**Problem to work on:**
Set down the lines of the data exactly, starting at the first and stopping after the line containing "Energy dCi 110 #4".

[Collected data]
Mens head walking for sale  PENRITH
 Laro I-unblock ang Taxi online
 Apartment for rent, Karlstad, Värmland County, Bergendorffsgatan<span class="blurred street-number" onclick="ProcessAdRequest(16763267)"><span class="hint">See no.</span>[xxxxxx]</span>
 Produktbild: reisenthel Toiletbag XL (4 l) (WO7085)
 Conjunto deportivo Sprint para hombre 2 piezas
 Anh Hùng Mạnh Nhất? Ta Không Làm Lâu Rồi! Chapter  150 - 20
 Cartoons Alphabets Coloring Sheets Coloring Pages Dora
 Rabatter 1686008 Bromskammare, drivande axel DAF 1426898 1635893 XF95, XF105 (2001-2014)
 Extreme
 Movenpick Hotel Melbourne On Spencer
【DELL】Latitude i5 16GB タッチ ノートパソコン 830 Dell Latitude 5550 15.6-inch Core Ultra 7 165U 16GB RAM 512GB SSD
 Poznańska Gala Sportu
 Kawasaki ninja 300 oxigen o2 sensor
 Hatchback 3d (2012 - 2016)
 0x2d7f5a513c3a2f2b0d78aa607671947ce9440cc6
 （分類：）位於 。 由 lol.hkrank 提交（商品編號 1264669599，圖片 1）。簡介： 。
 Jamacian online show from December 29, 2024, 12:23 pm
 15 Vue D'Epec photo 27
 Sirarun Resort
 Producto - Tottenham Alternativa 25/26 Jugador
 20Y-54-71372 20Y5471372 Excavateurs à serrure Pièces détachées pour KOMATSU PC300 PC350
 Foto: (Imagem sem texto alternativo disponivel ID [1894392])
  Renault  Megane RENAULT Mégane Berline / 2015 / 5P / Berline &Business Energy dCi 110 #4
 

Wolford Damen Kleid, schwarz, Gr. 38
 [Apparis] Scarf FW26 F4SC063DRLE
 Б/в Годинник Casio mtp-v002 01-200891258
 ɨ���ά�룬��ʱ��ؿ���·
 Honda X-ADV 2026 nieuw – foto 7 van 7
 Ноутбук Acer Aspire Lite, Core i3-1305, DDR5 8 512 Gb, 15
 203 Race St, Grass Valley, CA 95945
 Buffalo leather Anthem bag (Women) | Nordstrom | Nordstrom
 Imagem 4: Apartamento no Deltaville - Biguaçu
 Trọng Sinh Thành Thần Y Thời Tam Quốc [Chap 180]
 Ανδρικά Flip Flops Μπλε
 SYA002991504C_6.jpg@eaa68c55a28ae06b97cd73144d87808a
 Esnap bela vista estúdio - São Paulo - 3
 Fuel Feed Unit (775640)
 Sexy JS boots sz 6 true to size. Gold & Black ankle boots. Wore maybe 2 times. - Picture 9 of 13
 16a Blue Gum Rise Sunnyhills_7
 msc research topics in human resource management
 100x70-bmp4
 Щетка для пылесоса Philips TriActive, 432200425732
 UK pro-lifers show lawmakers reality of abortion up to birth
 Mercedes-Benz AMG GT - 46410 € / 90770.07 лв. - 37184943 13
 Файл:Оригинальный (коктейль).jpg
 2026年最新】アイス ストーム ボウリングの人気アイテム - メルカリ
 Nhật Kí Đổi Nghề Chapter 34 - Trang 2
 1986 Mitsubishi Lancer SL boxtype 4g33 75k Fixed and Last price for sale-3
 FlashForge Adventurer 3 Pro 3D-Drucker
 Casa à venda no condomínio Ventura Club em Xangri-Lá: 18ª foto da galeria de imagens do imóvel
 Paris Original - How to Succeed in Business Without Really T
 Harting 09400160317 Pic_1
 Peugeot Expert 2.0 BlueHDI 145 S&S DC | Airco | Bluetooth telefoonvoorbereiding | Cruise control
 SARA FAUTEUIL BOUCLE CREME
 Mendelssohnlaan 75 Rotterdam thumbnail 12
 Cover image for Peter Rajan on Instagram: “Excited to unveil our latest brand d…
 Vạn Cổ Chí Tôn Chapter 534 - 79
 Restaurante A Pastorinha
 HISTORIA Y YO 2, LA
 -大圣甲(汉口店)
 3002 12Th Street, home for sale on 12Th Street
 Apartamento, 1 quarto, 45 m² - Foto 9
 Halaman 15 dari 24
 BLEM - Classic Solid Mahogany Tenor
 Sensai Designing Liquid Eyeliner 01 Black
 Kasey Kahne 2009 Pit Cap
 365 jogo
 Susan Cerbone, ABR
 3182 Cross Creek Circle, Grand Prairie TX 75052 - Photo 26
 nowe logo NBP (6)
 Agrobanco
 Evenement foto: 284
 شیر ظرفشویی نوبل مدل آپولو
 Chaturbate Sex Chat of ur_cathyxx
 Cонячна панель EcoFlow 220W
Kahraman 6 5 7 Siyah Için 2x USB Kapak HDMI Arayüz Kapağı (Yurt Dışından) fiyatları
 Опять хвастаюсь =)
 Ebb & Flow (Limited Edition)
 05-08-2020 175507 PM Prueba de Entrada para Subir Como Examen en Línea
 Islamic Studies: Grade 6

**Result of the exercise:**
Mens head walking for sale  PENRITH
 Laro I-unblock ang Taxi online
 Apartment for rent, Karlstad, Värmland County, Bergendorffsgatan<span class="blurred street-number" onclick="ProcessAdRequest(16763267)"><span class="hint">See no.</span>[xxxxxx]</span>
 Produktbild: reisenthel Toiletbag XL (4 l) (WO7085)
 Conjunto deportivo Sprint para hombre 2 piezas
 Anh Hùng Mạnh Nhất? Ta Không Làm Lâu Rồi! Chapter  150 - 20
 Cartoons Alphabets Coloring Sheets Coloring Pages Dora
 Rabatter 1686008 Bromskammare, drivande axel DAF 1426898 1635893 XF95, XF105 (2001-2014)
 Extreme
 Movenpick Hotel Melbourne On Spencer
【DELL】Latitude i5 16GB タッチ ノートパソコン 830 Dell Latitude 5550 15.6-inch Core Ultra 7 165U 16GB RAM 512GB SSD
 Poznańska Gala Sportu
 Kawasaki ninja 300 oxigen o2 sensor
 Hatchback 3d (2012 - 2016)
 0x2d7f5a513c3a2f2b0d78aa607671947ce9440cc6
 （分類：）位於 。 由 lol.hkrank 提交（商品編號 1264669599，圖片 1）。簡介： 。
 Jamacian online show from December 29, 2024, 12:23 pm
 15 Vue D'Epec photo 27
 Sirarun Resort
 Producto - Tottenham Alternativa 25/26 Jugador
 20Y-54-71372 20Y5471372 Excavateurs à serrure Pièces détachées pour KOMATSU PC300 PC350
 Foto: (Imagem sem texto alternativo disponivel ID [1894392])
  Renault  Megane RENAULT Mégane Berline / 2015 / 5P / Berline &Business Energy dCi 110 #4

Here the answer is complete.